A prática dos ‘falsos positivos’ é antiga e intensificou-se com o governo do conservador Álvaro Uribe Vélez, mentor do atual presidente Iván Duque, que está em prisão domiciliária por ter tentado corromper testemunhas contra o destacado senador de esquerda Iván Cepeda, filho do histórico comunista assassinado, Manuel Cepeda.

Durante os dois mandatos de Uribe, entre 2002 e 2010, milhares de civis foram executados em segredo para serem apresentados como vitórias sobre as guerrilhas. O escândalo rebentou quando vários familiares de civis denunciaram esta prática.. Descobriu-se então que as forças armadas premiavam os soldados que mais baixas conseguissem em combate, “incentivo” que espoletou os falsos positivos. Vários relatos da época na imprensa denunciaram que muitos dos assassinados eram jovens de bairros pobres, aliciados para supostas entrevistas de emprego das quais nunca voltavam. Os corpos vinham a ser “encontrados” noutras zonas da Colômbia como sendo guerrilheiros abatidos.

De acordo com números divulgados pelo El País, 8 mil colombianos terão sido assassinados, sobretudo, nesse período. O jornal espanhol afirma que os dados são “especialmente incríveis” se comparados com o número de assassinatos e desaparecidos durante a ditadura de Pinochet. No Chile, num período de 17 anos, foram executadas 3200 pessoas.

Onde ser opositor é desafiar a morte

Foi precisamente durante a presidência de Álvaro Uribe que Alexandra Rochi, ex-guerrilheira, se tornou combatente das FARC. Era muito jovem quando fugiu com os pais para San Vicente del Caguán dos paramilitares, exércitos para-estatais de extrema-direita com profundas ligações ao Estado e aos narcotraficantes. Ali foram recebidos e protegidos pelo comandante Mono Jojoy. Anos mais tarde, como contou à Voz do Operário, Alexandra decidiu tornar-se guerrilheira. “Ninguém nasce com genes de guerra mas às vezes há situações que te obrigam a pegar em armas. Eu sou vallecaucana, do ocidente do país, e quando era criança até queria ser polícia”, recordou. Mas a ex-guerrilheira diz que a “democracia colombiana” é sustentada “pela oligarquia de sempre” e que ser de esquerda naquele país significa “andar sempre debaixo da sombra de um caixão”.
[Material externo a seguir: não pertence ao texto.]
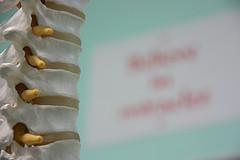 Sciatic nerve pain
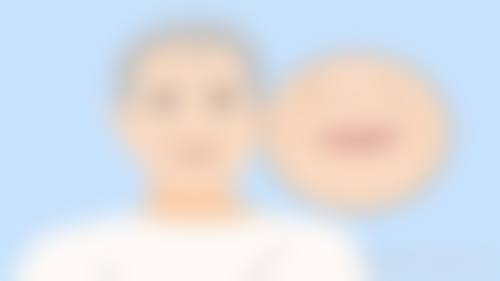 九、海口钰莹整形医院真实的患者评价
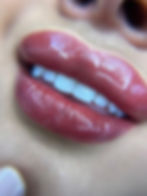 The Satin Lip Blush treatment is the perfect way to restore shape and fullness lost age and transform thin or uneven lips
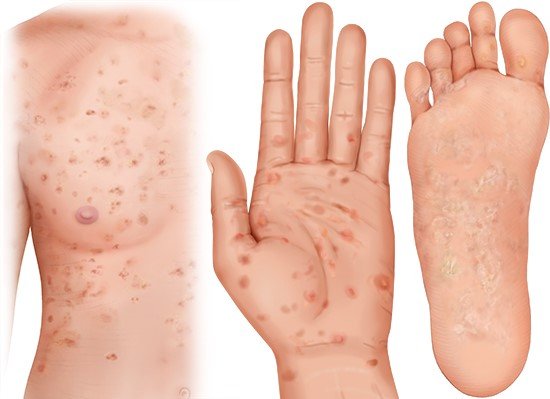 Mögliche Hautausschläge bei Syphilis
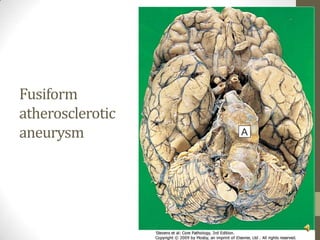 Fusiform atherosclerotic aneurysm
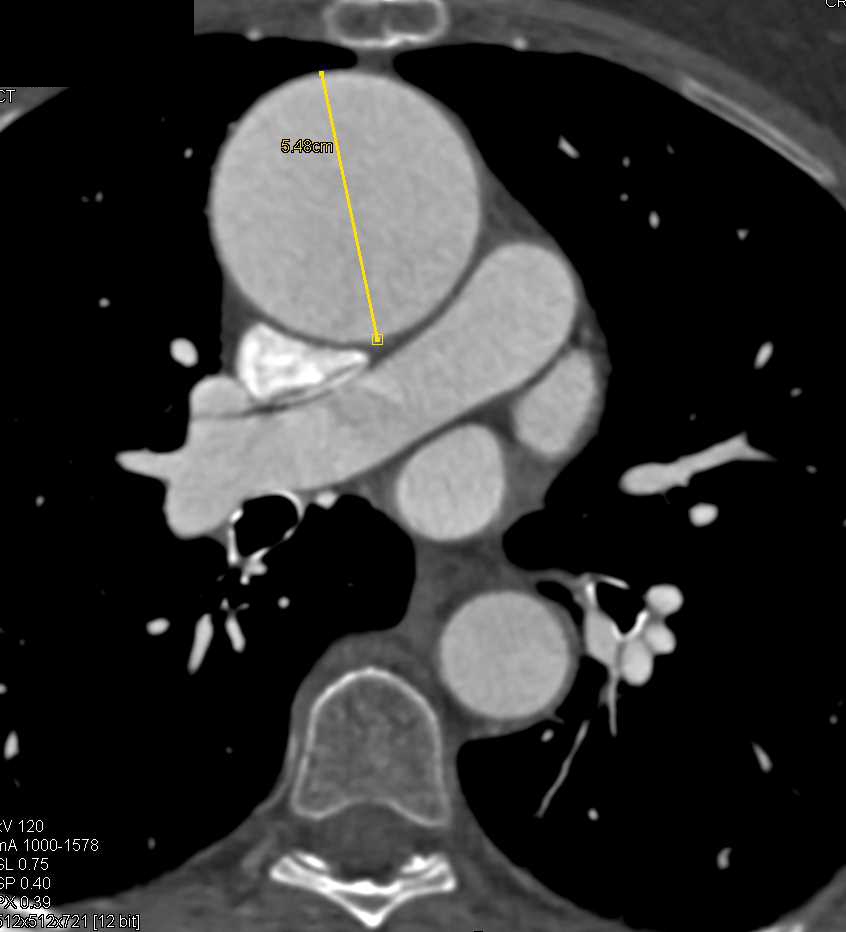 Dilated Ascending Aorta and Aberrant Right Subclavian Artery - CTisus CT Scan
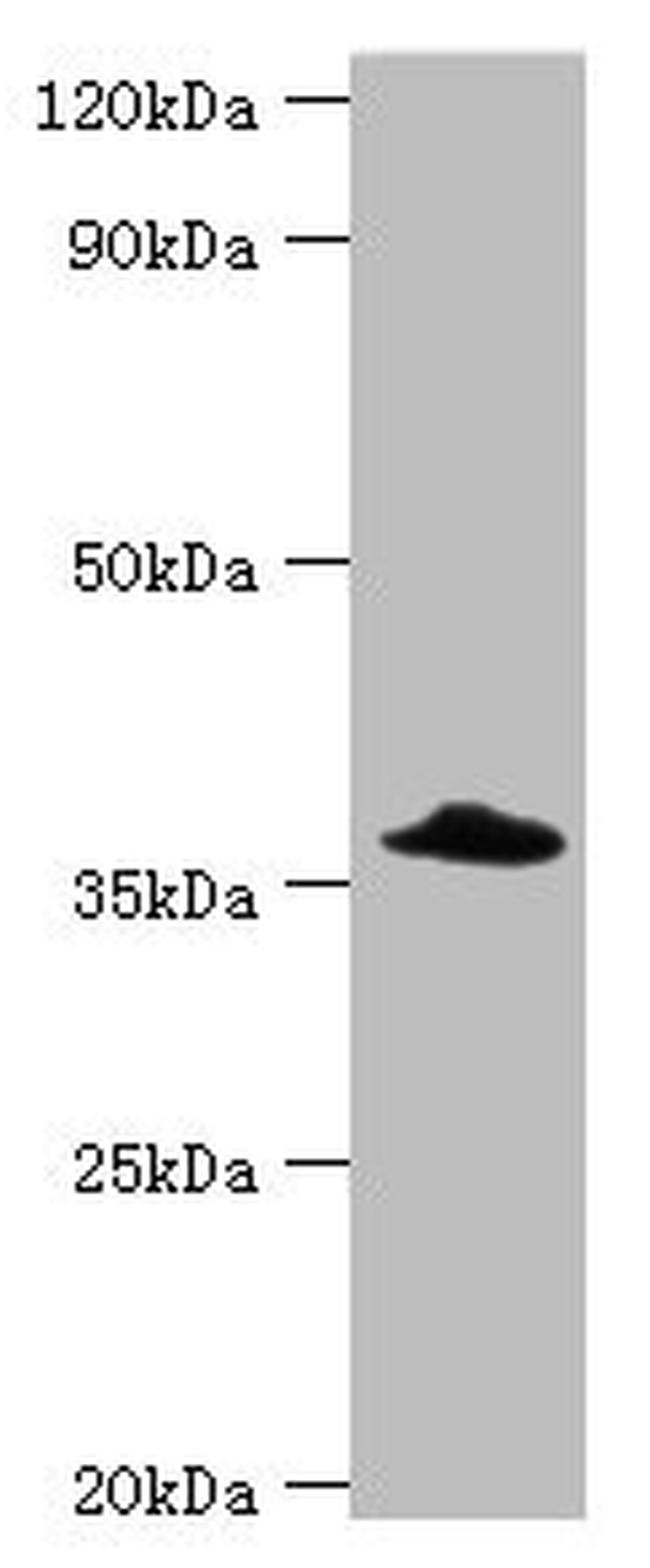 CFHR3 Antibody in Western Blot (WB)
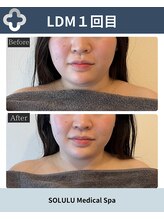 ソルル(SOLULU)/二重顎撃退！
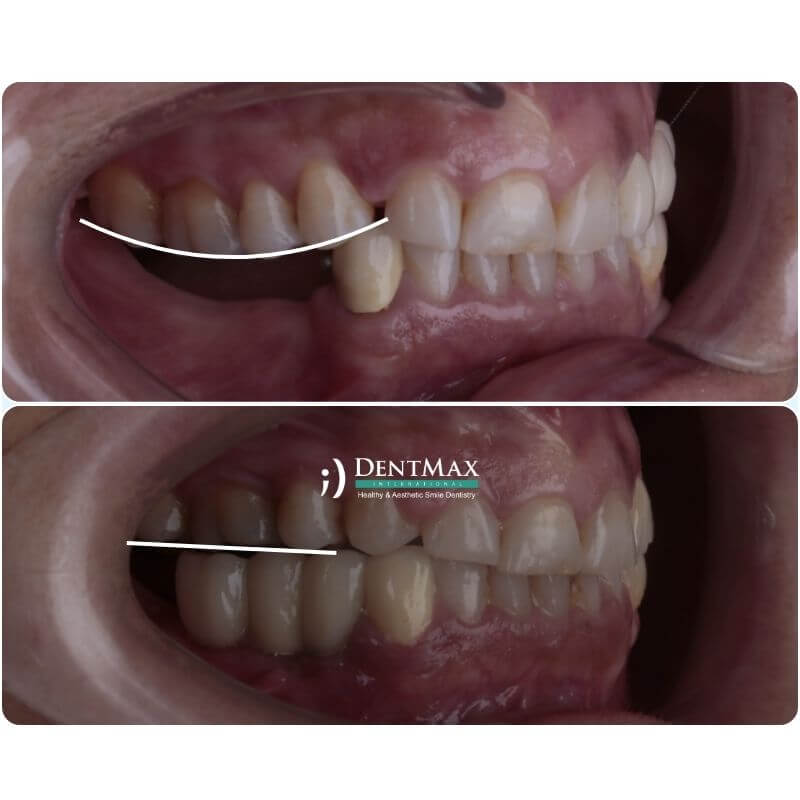 Dentmax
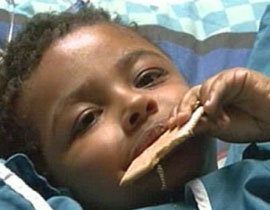 جراحة نادرة لطفل العامين لا يتوقف عن الضحك بسبب ورم في المخ! صورة رقم 1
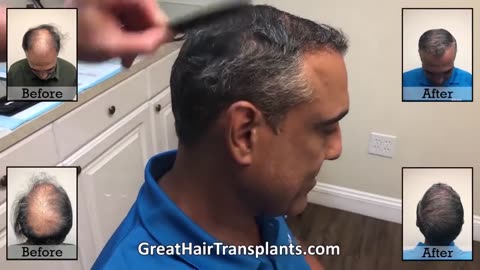 Top Hair Loss Treatment Specialist in Enid, OK for Men and Women – Promo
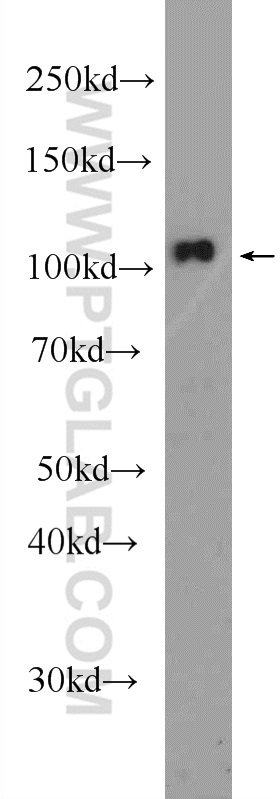 WB analysis of HeLa using 24872-1-AP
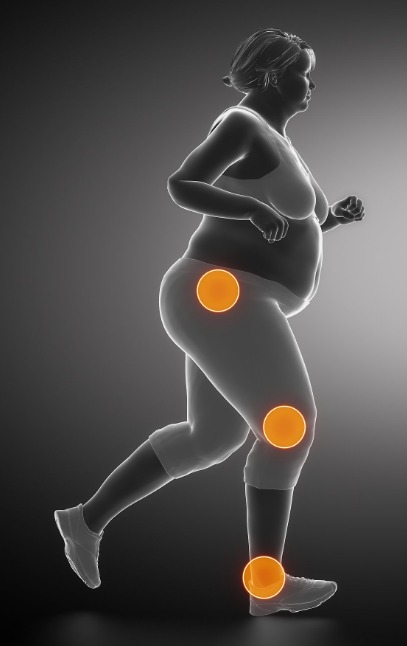 비만 환자가 평소에 많이 호소하는 관절부분의 통증을 형상화한 사진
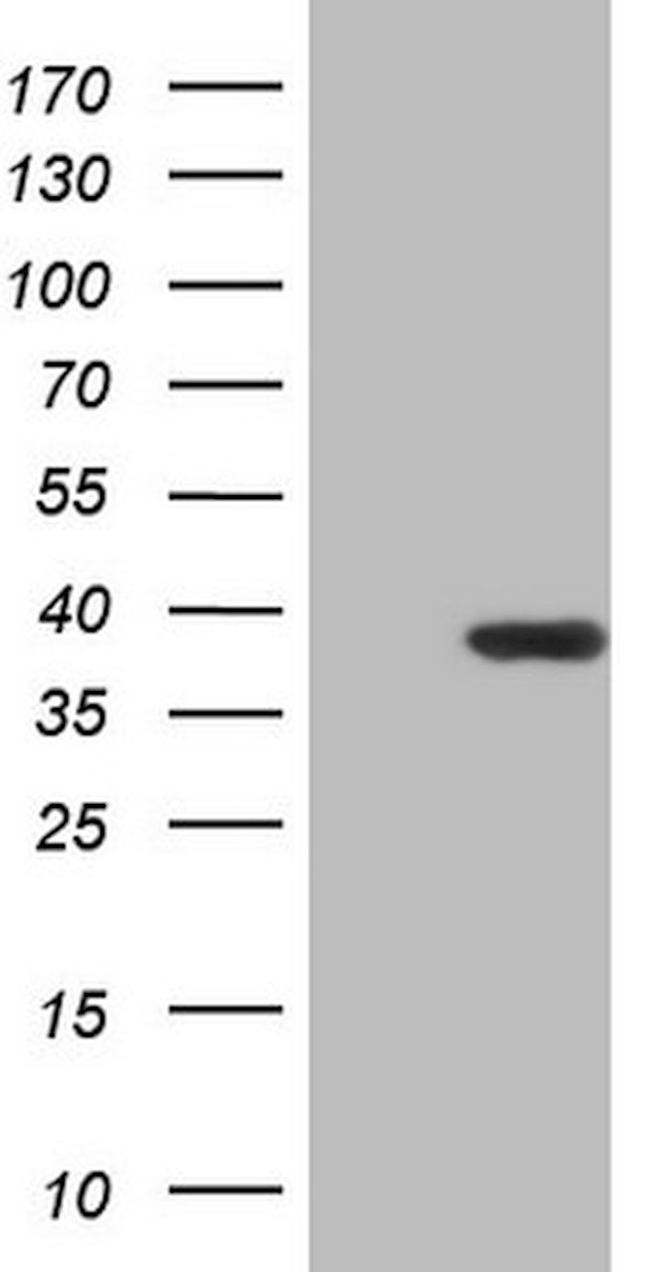 CCND2 Antibody in Western Blot (WB)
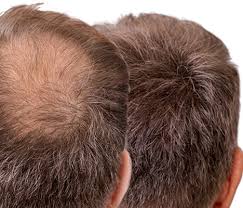 Hi Lift Hair Building Fibres 25g Dark Brown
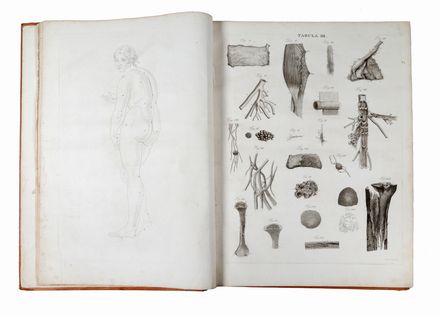  Caldani Leopoldo Marco Antonio, Caldani Floriano : Icones anatomicae quotquot sunt celebriores ex optimis neotericorum operibus summa diligentia depromptae et collectae... (-Volumins tertii sectio altera). Figurato, Medicina, Collezionismo e Bibliografia  - Auction Books & Graphics - Libreria Antiquaria Gonnelli - Casa d'Aste - Gonnelli Casa d'Aste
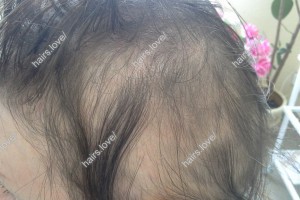 Пациент А через 20 дней. D.s.: Очаговая алопеция (субтотальная форма)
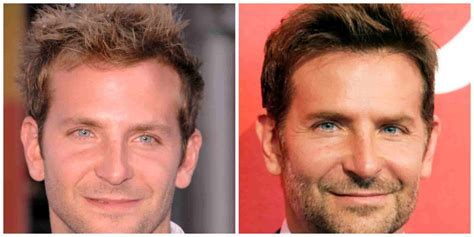 Bradley Cooper Hair Transplant: Did He Have One? | Longevita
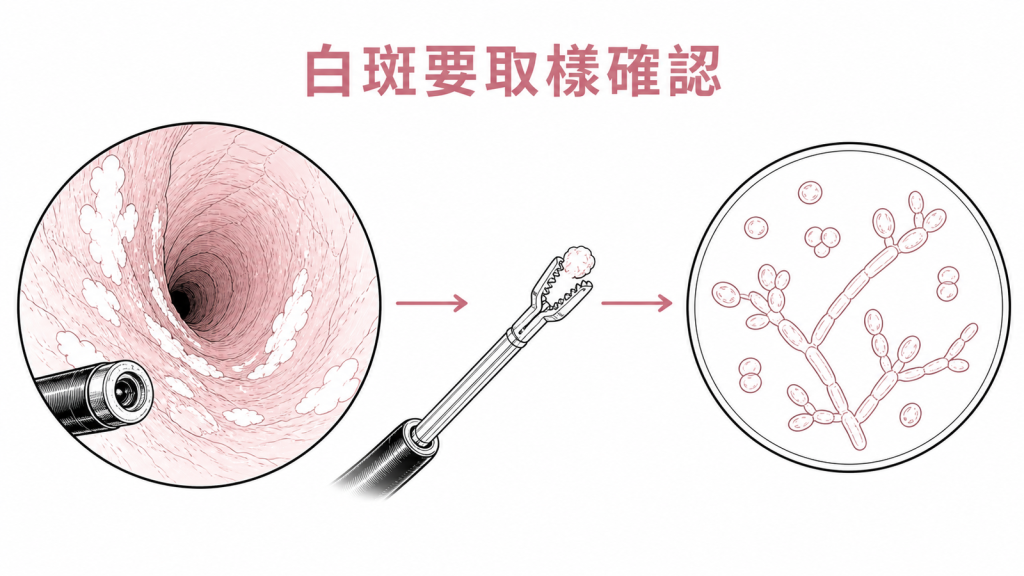 胃鏡看到食道白斑後取樣確認念珠菌示意圖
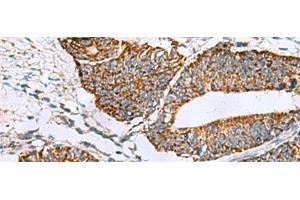 Immunohistochemistry of paraffin-embedded Human colorectal cancer tissue using PRELID3B Polyclonal Antibody at dilution of 1:90(x200)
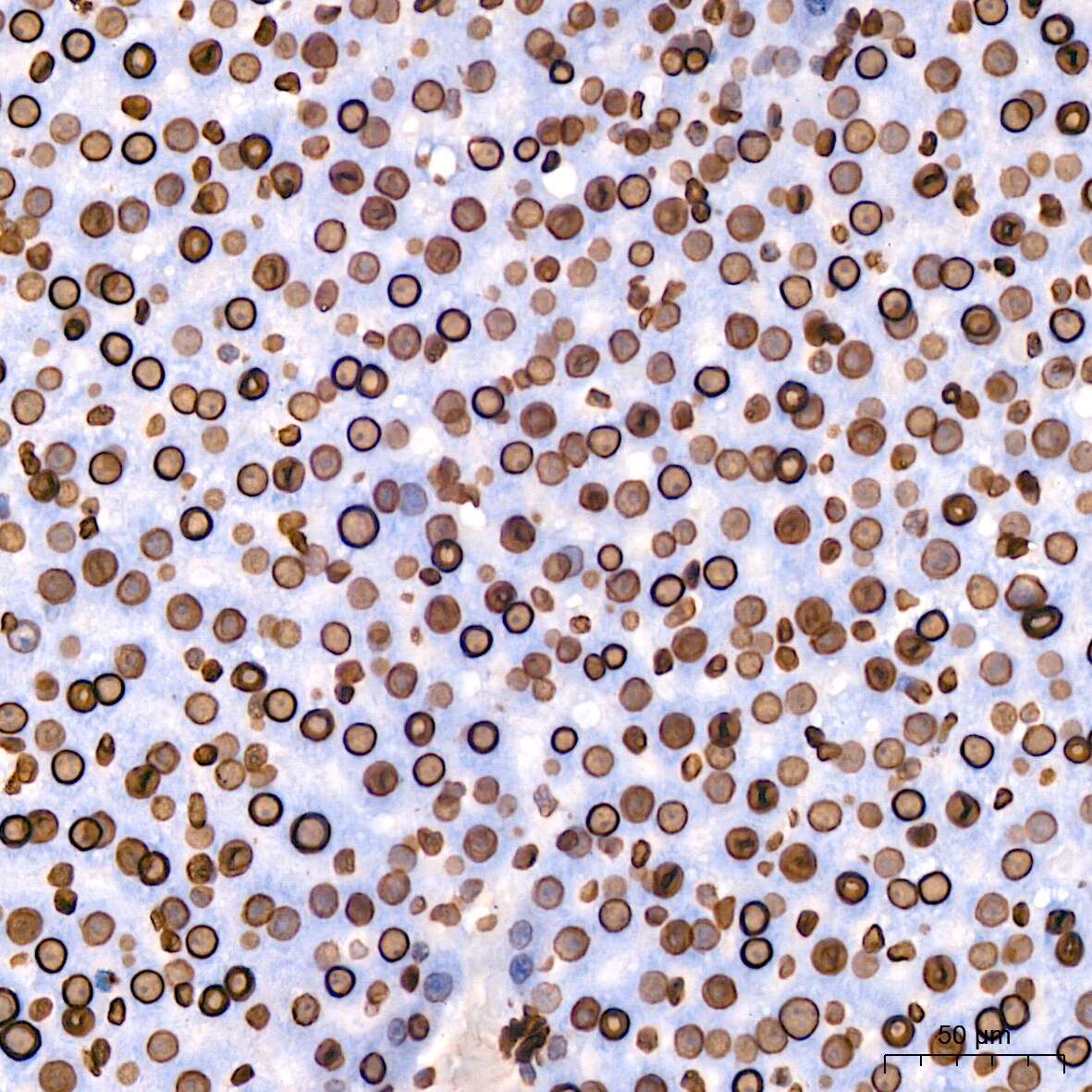 Lamin B1 Antibody (5H8V8)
Para além dos ‘falsos positivos’, têm sido assassinadas centenas de ativistas políticos e ex-guerrilheiros que confiaram nos acordos de paz assinados em Havana entre as FARC e o governo colombiano. Só este ano, o Instituto de Estudos para o Desenvolvimento e para a Paz (Indepaz) já contabilizou 230 mortos, praticamente um por dia, e, desde 2016, já foram assassinados 228 ex-guerrilheiros das FARC. Mulheres e homens que confiaram num Estado que prometeu protegê-los e acabar com a perseguição política.

São números que provocam arrepios e que fizeram já com que muitos ex-combatentes das FARC se reorganizassem e se escondessem nas montanhas e selvas do país. Em poucos anos, regressam os tempos de chumbo em que ser de esquerda, para outros, significa escolher o caminho do exílio.

De acordo com o El País, 8 mil colombianos terão sido assassinados nos últimas duas décadas.